Southern Sparkling Jule hunted industriously, digging into the country and consistently popping out from time to time in an easy way. Her race on the second day was even better than on the first. Her first find, in the first brace on Monday, was at 14 a few minutes after crossing Buford Ellington Road and off to the west some distance in the area called Morgan Swamp. She handled the flush and shot well, just as she did again at 42 when she found birds in the long field between Turner pines and Turner ditch.

In the fifth brace on Tuesday she hunted with purpose for 56 minutes until finding birds near the end of the course. As mentioned, none of the dogs called back found any birds the third morning and none of the four caused their handlers any anxiety as they were all easily located after time was called in order that the judges could achieve the mandatory requirement of seeing the dogs at the end of the callback heat.

The judges requested Mohawk Mill Image and Reloaded be on standby but after the dogs called back had run the judges said they had made their decision and the stake was finished.

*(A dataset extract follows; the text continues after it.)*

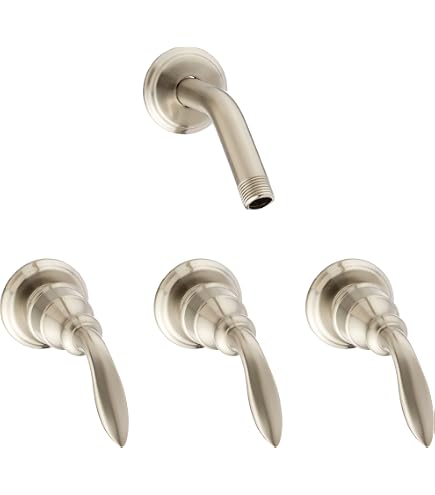 Kingston Brass KBH1608AL Hot & Cold Lever Handle - Satin Nickel Replacement For KB1608AL Faucets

Mohawk Mill Image is owned by Gary Winall from Virginia. Image competed in the fourth brace on Monday and the first brace on Tuesday. He ran well both days and demonstrated great strength on the ground but had no birds either day. He backed Fire Dancer at 36 on the second morning when she had an unproductive in the Turner pines.

Reloaded, owned and handled by Kentuckian Jim Pendergest, was also on standby for the third morning but was not asked to run. He had birds twice on the first morning and demonstrated excellent ground work, sharing a divided find at 34 and then pointing again at 58 where Pendergest easily flushed two birds. On the second morning Reloaded shared a divided unproductive with Mohawk Mill Jacob at 32 but again hunted well throughout the hour.


In the order drawn, the first of the remaining six contenders was Mohawk Mill Jacob which won this Championship for Gary Winall last year and held an automatic invitation to compete this year. The handsome setter is now a nine-year-old and achieved three finds and one unproductive on the Ames grounds this year. He found birds at 37 in the third brace on Monday and at 8 and 20 on Tuesday afternoon. The find at 8 was near Ames Road and due east of the former hog facility. Winall was rewarded with birds at the end of a long flushing effort. Jacob’s second find was at 20 off to the left soon after crossing Ames Road. He continued to participate in a divided unproductive, shared with Reloaded at 32, but was not seen much during the remainder of the hour.

Worsham’s Silver Strike traveled from St. Joseph, Mo., with Joe Worsham. Unfortunately, he made a wrong turn on Monday and was gone most of the second half of the hour. On Tuesday he found no birds even though he was strong, independent and front running.

John Ivester of Charlotte, N. C., handled Erin’s Full Throttle in the fourth brace on Monday and the third brace on Tuesday. The dog is a strong all-age dog but had no luck on this trip. He had no birds the first day and shared a divided unproductive with his bracemate at 2 the second day. Ivester picked Full Throttle up at 31 on the Tuesday morning.

S F Mapleleaf, owned and handled by Larry Smith from Iowa, achieved an outstanding record to earn the highest number of points earned by any dog in the Championship. She showed her all-age capabilities both days but ran a more forward and swinging race on the second day. Unfortunately, like some of the other contenders, Mapleleaf did not find any birds either day in this contest.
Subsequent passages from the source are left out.